Offensiva nella regione di Kursk
Tre settimane fa, le forze armate ucraine hanno condotto un'operazione nella regione di Kursk, impiegando circa 10.000 uomini. Durante questa offensiva, l'Ucraina ha rivendicato il controllo di oltre 1.200 chilometri quadrati e di un centinaio di insediamenti. Stoltenberg ha sottolineato che, secondo il diritto internazionale, i soldati, i carri armati e le basi militari russe sono obiettivi legittimi.
Sostegno della NATO
Stoltenberg ha ribadito che il diritto di autodifesa di un paese invaso non si ferma al confine. Ha inoltre evidenziato la necessità di un sostegno totale all'Ucraina, sottolineando che l'Alleanza Atlantica approva le azioni di Kiev come legittime misure di difesa.

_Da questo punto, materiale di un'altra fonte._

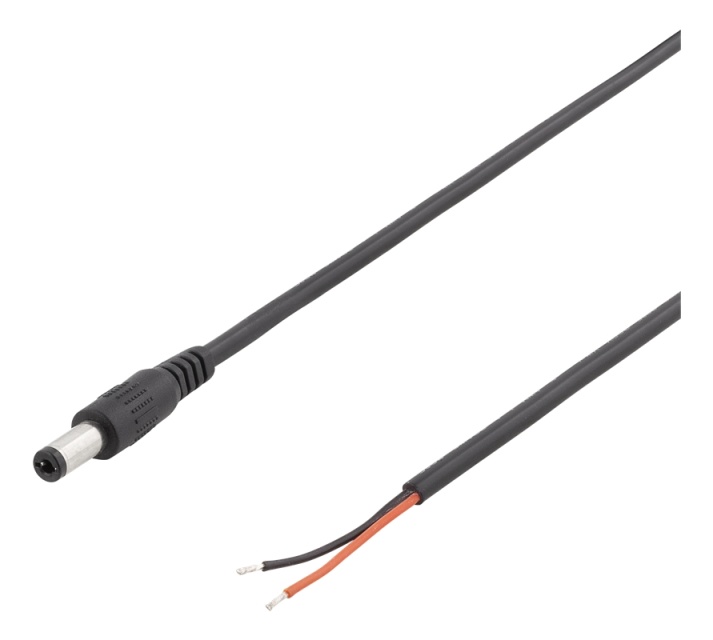 DELTACO laitekaapeli, 5,5mm DC - avoin pää, 2m, 20AWG, musta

Controversie interne alla NATO
Nonostante il sostegno di Stoltenberg, all'interno della NATO permangono divergenze riguardo ai limiti dell'uso delle armi da parte di Kiev. Tuttavia, il segretario generale uscente ha chiarito che l'offensiva ucraina è giustificata e necessaria per la difesa del paese.
Le dichiarazioni di Stoltenberg segnano un punto di svolta nel sostegno della NATO all'Ucraina, riconoscendo il diritto di Kiev a difendersi anche oltre i propri confini. Questo potrebbe avere implicazioni significative per il futuro del conflitto e per le relazioni internazionali in Europa.